I am going to share several web sites with you. However, there are some things that I feel need to be shared directly. The following excerpt is called "Welcome to Holland"


Welcome To Holland
by
Emily Perl Kingsley

c1987 by Emily Perl Kingsley.
All rights reserved.


"Matthew and ... I am often asked to describe the experience of raising a child with a disability - to try to help people who have not shared that unique experience to understand it, to imagine how it would feel. It's like this......

When you're going to have a baby, it's like planning a fabulous vacation trip - to Italy. You buy a bunch of guidebooks and make your wonderful plans. The Coliseum. The Michelangelo David. The gondolas in Venice. You may learn some handy phrases in Italian. It's all very exciting.

After months of eager anticipation, the day finally arrives. You pack your bags and off you go. Several hours later, the plane lands. The stewardess comes in and says, "Welcome to Holland."

"Holland?!?" you say. "What do you mean Holland?? I signed up for Italy! I'm supposed to be in Italy. All my life I've dreamed of going to Italy."

But there's been a change in the flight plan. They've landed in Holland and there you must stay.

The important thing is that they haven't taken you to a horrible, disgusting, filthy place, full of pestilence, famine and disease. It's just a different place.

So you must go out and buy new guide books. And you must learn a whole new language. And you will meet a whole new group of people you would never have met.

It's just a different place. It's slower-paced than Italy, less flashy than Italy. But after you've been there for a while and you catch your breath, you look around.... and you begin to notice that Holland has windmills....and Holland has tulips. Holland even has Rembrandts.

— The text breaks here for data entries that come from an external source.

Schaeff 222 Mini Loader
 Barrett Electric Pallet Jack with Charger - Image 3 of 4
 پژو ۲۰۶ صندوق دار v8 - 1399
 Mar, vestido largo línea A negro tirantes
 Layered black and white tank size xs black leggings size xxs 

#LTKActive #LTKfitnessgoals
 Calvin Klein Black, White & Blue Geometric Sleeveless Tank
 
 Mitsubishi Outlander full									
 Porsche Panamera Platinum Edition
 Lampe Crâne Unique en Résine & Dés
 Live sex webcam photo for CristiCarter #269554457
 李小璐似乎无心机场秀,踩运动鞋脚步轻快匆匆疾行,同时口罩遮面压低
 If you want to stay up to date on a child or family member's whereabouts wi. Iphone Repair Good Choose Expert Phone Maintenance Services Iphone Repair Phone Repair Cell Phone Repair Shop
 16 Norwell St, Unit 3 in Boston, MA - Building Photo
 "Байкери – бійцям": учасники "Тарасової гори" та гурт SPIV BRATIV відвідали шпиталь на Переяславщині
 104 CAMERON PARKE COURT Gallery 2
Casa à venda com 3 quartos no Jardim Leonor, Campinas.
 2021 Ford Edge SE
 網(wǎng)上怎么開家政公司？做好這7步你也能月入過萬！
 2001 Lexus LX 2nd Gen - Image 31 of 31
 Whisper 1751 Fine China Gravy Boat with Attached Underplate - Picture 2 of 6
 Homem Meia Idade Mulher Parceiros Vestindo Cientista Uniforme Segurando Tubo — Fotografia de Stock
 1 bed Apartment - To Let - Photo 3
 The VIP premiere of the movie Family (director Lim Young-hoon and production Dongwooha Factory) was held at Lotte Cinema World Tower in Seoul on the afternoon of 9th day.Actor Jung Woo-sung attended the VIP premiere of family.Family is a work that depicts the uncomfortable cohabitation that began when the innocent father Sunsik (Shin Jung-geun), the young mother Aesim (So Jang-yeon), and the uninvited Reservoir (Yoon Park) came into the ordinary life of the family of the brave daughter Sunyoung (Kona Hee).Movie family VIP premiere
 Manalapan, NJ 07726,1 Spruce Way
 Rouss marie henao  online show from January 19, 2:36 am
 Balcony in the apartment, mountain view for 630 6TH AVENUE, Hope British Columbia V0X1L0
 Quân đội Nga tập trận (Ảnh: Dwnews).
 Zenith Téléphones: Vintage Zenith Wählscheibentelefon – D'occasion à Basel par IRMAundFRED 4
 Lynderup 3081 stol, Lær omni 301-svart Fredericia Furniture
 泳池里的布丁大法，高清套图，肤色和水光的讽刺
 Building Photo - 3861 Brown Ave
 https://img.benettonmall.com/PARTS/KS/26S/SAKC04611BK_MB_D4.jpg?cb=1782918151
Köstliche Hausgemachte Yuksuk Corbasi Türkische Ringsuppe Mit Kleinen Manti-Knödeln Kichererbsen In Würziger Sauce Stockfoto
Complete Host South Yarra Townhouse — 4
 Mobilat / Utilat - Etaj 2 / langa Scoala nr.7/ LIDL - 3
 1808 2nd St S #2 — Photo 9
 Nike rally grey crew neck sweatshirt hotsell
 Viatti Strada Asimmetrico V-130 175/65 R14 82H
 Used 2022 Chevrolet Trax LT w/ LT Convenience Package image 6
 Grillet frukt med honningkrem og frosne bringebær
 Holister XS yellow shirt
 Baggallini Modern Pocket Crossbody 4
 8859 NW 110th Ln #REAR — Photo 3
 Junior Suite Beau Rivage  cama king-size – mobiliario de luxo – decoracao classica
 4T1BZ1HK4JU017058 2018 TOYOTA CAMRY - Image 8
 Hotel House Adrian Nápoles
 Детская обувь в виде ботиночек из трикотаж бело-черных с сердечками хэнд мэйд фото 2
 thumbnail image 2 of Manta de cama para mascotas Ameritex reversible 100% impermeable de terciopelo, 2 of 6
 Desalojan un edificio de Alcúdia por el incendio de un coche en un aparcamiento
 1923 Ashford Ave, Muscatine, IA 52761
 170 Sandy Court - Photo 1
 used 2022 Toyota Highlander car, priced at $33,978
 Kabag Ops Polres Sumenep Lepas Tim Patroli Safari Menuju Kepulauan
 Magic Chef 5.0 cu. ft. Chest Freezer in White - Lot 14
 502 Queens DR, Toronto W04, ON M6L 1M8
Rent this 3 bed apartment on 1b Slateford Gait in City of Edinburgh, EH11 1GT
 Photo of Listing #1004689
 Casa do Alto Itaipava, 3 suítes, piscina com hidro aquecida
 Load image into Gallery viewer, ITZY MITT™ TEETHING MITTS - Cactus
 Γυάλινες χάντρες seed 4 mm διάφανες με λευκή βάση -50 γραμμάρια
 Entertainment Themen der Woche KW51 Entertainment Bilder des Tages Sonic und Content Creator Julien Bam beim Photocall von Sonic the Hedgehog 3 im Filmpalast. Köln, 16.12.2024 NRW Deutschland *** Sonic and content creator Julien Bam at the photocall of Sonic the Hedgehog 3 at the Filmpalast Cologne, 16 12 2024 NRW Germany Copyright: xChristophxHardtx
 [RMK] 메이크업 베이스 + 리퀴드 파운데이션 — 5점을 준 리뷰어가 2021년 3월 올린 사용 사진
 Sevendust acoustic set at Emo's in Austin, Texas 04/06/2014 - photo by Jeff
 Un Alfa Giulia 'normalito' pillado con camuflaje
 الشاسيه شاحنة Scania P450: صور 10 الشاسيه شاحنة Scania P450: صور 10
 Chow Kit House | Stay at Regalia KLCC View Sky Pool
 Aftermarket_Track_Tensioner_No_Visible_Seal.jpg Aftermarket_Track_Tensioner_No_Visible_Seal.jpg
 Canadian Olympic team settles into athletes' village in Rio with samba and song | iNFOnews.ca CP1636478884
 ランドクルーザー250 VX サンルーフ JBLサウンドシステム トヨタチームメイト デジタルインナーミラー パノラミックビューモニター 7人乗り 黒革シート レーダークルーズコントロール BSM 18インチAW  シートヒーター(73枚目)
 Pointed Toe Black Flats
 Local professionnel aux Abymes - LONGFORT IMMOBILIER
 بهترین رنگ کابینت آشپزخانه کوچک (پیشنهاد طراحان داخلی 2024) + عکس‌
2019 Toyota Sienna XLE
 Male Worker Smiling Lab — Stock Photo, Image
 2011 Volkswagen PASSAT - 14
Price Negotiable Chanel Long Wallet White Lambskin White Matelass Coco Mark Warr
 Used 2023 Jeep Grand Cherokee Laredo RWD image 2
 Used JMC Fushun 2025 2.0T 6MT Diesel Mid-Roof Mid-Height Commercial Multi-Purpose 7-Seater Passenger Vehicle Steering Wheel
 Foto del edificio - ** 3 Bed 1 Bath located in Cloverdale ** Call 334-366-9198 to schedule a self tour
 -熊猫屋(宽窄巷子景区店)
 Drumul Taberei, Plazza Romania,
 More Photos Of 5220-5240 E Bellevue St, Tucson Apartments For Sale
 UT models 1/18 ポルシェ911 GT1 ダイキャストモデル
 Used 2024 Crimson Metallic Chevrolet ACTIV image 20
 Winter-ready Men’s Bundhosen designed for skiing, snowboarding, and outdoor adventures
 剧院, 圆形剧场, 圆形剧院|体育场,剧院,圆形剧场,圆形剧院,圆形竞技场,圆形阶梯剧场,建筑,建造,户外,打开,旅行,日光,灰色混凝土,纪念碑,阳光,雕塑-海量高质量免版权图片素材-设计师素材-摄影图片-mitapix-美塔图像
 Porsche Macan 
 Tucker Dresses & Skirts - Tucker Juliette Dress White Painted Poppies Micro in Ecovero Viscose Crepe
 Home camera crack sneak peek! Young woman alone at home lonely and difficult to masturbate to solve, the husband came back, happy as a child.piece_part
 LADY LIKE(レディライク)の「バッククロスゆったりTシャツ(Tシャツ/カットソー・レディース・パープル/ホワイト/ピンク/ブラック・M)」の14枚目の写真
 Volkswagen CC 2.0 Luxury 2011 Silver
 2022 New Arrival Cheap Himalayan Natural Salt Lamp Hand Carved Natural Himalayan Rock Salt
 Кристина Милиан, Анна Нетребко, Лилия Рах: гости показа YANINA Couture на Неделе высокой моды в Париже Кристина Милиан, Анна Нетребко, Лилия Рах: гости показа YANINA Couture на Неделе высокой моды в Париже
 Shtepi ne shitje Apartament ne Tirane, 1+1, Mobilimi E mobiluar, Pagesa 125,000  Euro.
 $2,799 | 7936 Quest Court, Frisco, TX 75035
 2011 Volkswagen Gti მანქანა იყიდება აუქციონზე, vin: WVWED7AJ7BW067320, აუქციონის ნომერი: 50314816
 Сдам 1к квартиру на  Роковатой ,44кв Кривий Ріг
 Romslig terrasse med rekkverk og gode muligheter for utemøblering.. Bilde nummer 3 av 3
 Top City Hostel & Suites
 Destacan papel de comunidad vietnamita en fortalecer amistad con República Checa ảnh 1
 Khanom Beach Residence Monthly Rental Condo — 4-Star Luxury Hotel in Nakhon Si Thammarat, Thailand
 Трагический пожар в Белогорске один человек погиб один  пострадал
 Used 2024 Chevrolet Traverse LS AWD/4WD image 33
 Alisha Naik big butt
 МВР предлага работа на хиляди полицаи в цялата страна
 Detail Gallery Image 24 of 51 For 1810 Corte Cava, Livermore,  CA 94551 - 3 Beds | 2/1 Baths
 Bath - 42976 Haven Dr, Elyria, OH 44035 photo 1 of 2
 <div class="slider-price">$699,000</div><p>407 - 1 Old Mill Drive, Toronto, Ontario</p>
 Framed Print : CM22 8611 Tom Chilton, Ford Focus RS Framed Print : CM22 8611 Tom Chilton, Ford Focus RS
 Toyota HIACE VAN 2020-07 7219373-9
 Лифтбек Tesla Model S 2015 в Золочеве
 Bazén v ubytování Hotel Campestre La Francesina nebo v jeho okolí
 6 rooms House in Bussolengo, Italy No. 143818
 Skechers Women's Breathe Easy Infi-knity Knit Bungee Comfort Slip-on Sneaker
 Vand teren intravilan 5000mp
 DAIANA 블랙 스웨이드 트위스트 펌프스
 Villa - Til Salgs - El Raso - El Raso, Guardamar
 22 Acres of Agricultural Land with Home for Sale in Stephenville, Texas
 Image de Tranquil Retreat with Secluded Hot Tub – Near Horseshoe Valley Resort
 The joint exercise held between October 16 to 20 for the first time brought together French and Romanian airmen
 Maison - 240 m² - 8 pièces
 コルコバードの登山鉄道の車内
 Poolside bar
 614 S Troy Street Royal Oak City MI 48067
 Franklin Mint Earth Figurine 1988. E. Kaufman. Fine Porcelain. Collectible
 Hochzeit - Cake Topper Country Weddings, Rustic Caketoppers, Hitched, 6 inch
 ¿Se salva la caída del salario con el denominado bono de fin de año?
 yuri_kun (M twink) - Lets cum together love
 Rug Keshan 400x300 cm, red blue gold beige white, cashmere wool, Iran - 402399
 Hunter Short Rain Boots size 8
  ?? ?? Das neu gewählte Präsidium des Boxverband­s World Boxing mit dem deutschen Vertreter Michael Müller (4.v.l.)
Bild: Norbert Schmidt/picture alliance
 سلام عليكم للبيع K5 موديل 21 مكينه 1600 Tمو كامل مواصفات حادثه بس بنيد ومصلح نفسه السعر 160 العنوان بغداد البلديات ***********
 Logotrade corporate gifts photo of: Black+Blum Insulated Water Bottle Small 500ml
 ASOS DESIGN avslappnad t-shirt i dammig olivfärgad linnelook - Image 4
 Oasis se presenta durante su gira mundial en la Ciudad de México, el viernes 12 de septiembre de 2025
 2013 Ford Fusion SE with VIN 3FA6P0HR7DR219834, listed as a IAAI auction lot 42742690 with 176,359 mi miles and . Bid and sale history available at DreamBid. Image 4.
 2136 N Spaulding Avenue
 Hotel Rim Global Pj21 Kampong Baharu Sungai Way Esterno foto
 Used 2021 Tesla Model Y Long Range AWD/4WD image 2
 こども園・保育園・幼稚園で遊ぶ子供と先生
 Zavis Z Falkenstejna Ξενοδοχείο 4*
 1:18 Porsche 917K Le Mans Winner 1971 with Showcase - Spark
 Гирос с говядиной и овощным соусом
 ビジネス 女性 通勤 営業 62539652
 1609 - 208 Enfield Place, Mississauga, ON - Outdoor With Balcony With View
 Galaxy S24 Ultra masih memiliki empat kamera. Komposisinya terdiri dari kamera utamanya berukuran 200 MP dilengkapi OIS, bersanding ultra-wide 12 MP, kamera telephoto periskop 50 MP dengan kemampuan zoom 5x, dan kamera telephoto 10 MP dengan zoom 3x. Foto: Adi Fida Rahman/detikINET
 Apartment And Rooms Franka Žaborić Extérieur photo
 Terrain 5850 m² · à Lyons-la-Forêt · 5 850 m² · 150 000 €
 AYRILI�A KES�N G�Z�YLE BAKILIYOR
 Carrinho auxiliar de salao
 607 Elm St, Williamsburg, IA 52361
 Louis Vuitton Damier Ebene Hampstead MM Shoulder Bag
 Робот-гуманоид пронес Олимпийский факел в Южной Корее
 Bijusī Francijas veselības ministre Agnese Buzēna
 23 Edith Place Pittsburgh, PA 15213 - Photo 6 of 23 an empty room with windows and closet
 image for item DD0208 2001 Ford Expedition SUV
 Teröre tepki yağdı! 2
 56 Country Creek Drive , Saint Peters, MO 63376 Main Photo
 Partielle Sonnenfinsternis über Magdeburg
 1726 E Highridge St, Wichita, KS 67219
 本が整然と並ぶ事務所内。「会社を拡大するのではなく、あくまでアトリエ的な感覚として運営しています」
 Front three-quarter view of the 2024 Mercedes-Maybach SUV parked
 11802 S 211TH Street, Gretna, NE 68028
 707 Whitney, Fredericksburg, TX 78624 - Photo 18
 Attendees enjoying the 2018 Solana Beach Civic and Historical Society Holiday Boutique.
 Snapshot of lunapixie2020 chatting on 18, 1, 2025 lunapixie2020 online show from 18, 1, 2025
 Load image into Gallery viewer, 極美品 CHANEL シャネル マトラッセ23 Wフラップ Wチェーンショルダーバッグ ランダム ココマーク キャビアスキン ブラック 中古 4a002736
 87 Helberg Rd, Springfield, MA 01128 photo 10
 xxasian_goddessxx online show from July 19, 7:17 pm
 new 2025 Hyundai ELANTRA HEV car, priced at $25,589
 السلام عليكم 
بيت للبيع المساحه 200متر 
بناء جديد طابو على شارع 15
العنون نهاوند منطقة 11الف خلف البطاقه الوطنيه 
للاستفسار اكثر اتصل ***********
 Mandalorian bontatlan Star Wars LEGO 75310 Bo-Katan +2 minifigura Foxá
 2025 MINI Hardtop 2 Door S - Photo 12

But everyone you know is busy coming and going from Italy... and they're all bragging about what a wonderful time they had there. And for the rest of your life, you will say "Yes, that's where I was supposed to go. That's what I had planned."
    
And the pain of that will never, ever, ever, ever go away... because the loss of that dream is a very very significant loss.

But... if you spend your life mourning the fact that you didn't get to Italy, you may never be free to enjoy the very special, the very lovely things ... about Holland."


My advice to parents is that neither of them tries to blame the other for messing up the tickets for the trip.  No one is at fault - especially your baby is not at fault.  Nor is your baby "faulty".

It is just that this was unexpected.  Your plans did not include going to Holland.  You had no interest in Holland.  But the decision that you face is that you are there.  You are in shock.  Not only do you have to change your whole life because you are now parents - you are parents of a child with a different neurological system than the baby you expected, and the baby that perhaps your friends and relatives are accustomed to being around. 

You have dreams for that child.  This is not  a time for pretending.  Once you get past the shock, you need to allow yourself time to grieve.   There are several stages of grief, including denial, anger, sadness, etc….then you reach acceptance.  If you get stuck along the way, get help. This is "make it" or "break it" time.   You must have a support system.  Your greatest support will be from one another.  If one of you is stuck in denial - get educated about autism spectrum disorders. Your child needs both of you at the acceptance level.  Once you get there, you are ready to find out what you can do to help your child.

I highly recommend several web sites to gather information from persons who are able to share with us, what this world is like for them.

http://www.autism-pdd.net/brad.htm

http://www.nes.scot.nhs.uk/asd/index.htm

http://www.udel.edu/bkirby/asperger/grandparents.html

http://www.autism-watch.org/about/bio2.shtml

 

Ten Things Every Child With Autism Wishes You Knew
http://www.southflorida.com/sfparenting/sfe-sfp-autism,0,6196233.story


I'll stop there for now. Are you getting the picture? They simply do not understand why we don't think, act, or react as they do. They are trying to survive with a neurological system that is just bombarding them with stimuli. Or they may be so caught up in their own survival, that they do not even notice how we act.